Nach dem Tod von Taksin wurde General Chakri (Rama I) der erste König der Chakri-Dynastie der von 1782 bis 1809 herrschte. Als erste Handlung als König verlegte er die königliche Hauptstadt über den Fluss von Thon Buri nach Bangkok und baute den großartigen Königspalast aus den Ruinen von Ayutthaya.

Rama II (1809-1824) setzte die von seinem Vorgänger begonnenen Bauarbeiten fort. König Nang Klao, Rama III (1824-1851) nahm Beziehungen mit westlichen Nationen auf und gründete den Handel mit China.


König Mongkut, Rama IV, (1851-1868) wurde berühmt durch die Geschichte "Der König und ich". Die Herzen der Siamesen gewann er durch seine Verträge mit europäischen Ländern, die eine Kolonialisierung Siams verhinderte. Er modernisierte Siam durch viele soziale und wirtschaftliche Reformen. König Chulalongkorn, Rama V (1869-1910) setzte die Tradition seines Vaters der Reformen fort und schaffte die Sklaverei ab, führte die öffentliche Sozialfürsorge ein und reformierte das  Verwaltungssystem.

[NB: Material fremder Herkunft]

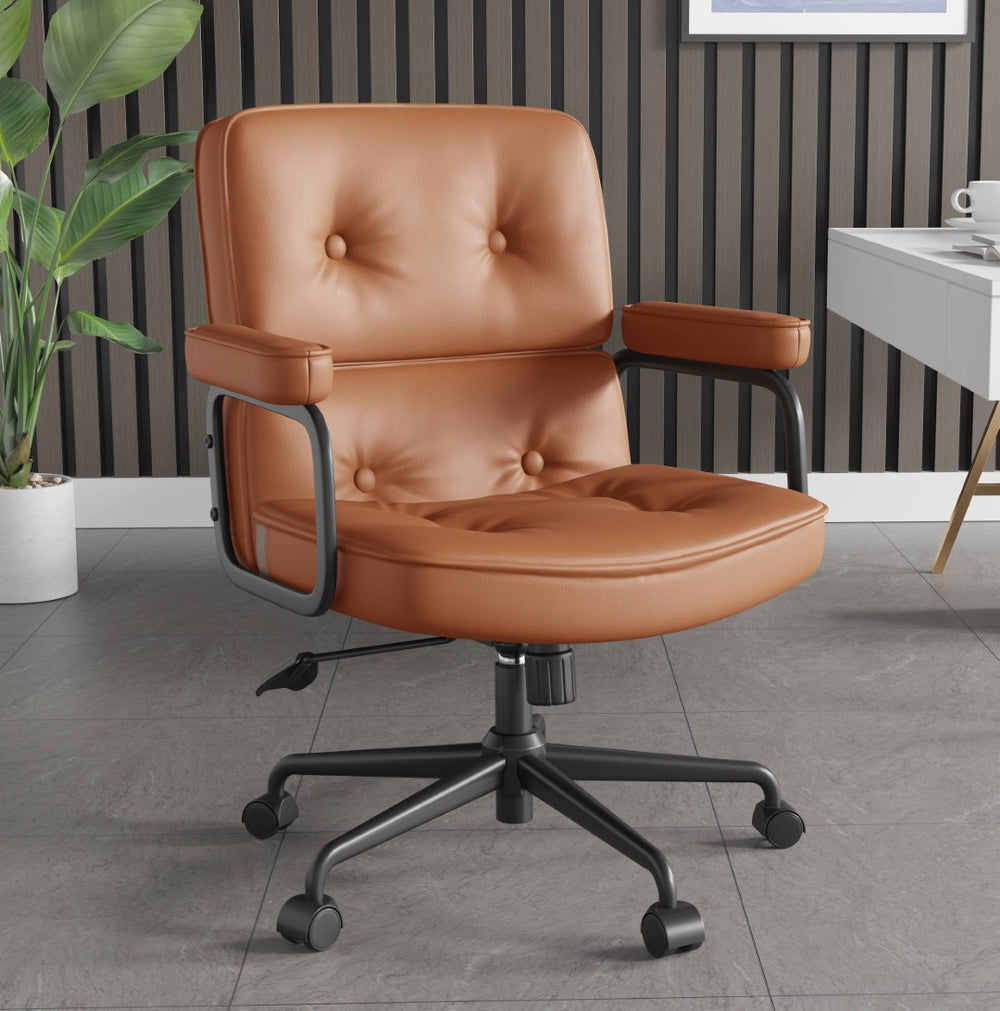 English Elm Hq Brown Pu Leather Executive Office Chair with Adjustable Height and Rolling Casters W5382P440946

Bildungsreformen, einschließlich der Schulpflicht, wurden vom König Vajiravudh, Rama VI (1910-1925) eingeführt. Während der Regierung des Königs Prajadhipok, Rama VII (1925-1935), änderte sich Siam von einer absoluten Monarchie in eine konstitutionelle Monarchie. Der König dankte 1933 ab und seine Neffen folgte als König Ananda Mahidol Rama VIII (1935-1946) auf dem Thron. Der Name des Landes wurde von Siam in Thailand durch Betreiben der demokratischen Regierung 1939 geändert. Unser gegenwärtiger Monarch seit 1946, König Bhumibol Adulyadej, ist König Rama IX der Chakri-Dynastie.